No other code that I can foresee would be needed, here or anywhere else.


Title: Re: BIP 22?
Post by: Red Emerald on February 01, 2012, 05:51:38 PM
I don't get how this causes a worse split than the other BIPs since they all require the majority of miners to update.  Doesn't the BIP 17 stealing bot essentially means implementing that proposal requires everyone to update, too?


Title: Re: BIP 22?
Post by: btc_artist on February 01, 2012, 06:10:24 PM
I've said before I support Gavin and BIP 16.  That being said, I'm curious if Gavin has any further comments on the technical merit of Mike's suggestion.


Title: Re: BIP 22?
Post by: Technomage on February 01, 2012, 06:23:50 PM
I don't get how this causes a worse split than the other BIPs since they all require the majority of miners to update.  Doesn't the BIP 17 stealing bot essentially means implementing that proposal requires everyone to update, too?
The split is different because with BIP16 only the miners are forced to upgrade. With BIP22 there is a hard split between new clients and old clients, it's not just about the miners.
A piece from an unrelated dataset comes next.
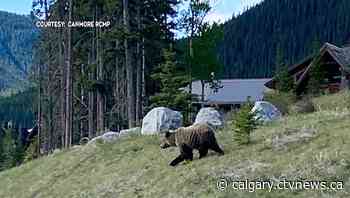 Canmore grizzly relocated by Alberta Fish and Wildlife - CTV News Calgary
However Casascius is saying that it doesn't actually matter that there is a split, that it's safe for people to continue to use the old clients. That is the big issue right now.

I don't really get it though, I mean if user x and y are part of the "old chain" and user x sends user y some coins after the split, the old fashioned way of course, and then these users upgrade their clients, does the new chain include everything that's happening in the old chain but not the other way around? Is the newly received money still in user y's wallet after he upgrades? Probably stupid questions but I would like to understand this better.


Title: Re: BIP 22?
Post by: casascius on February 01, 2012, 06:36:10 PM
I don't really get it though, I mean if user x and y are part of the "old chain" and user x sends user y some coins after the split, the old fashioned way of course, and then these users upgrade their clients, does the new chain include everything that's happening in the old chain but not the other way around? Is the newly received money still in user y's wallet after he upgrades? Probably stupid questions but I would like to understand this better.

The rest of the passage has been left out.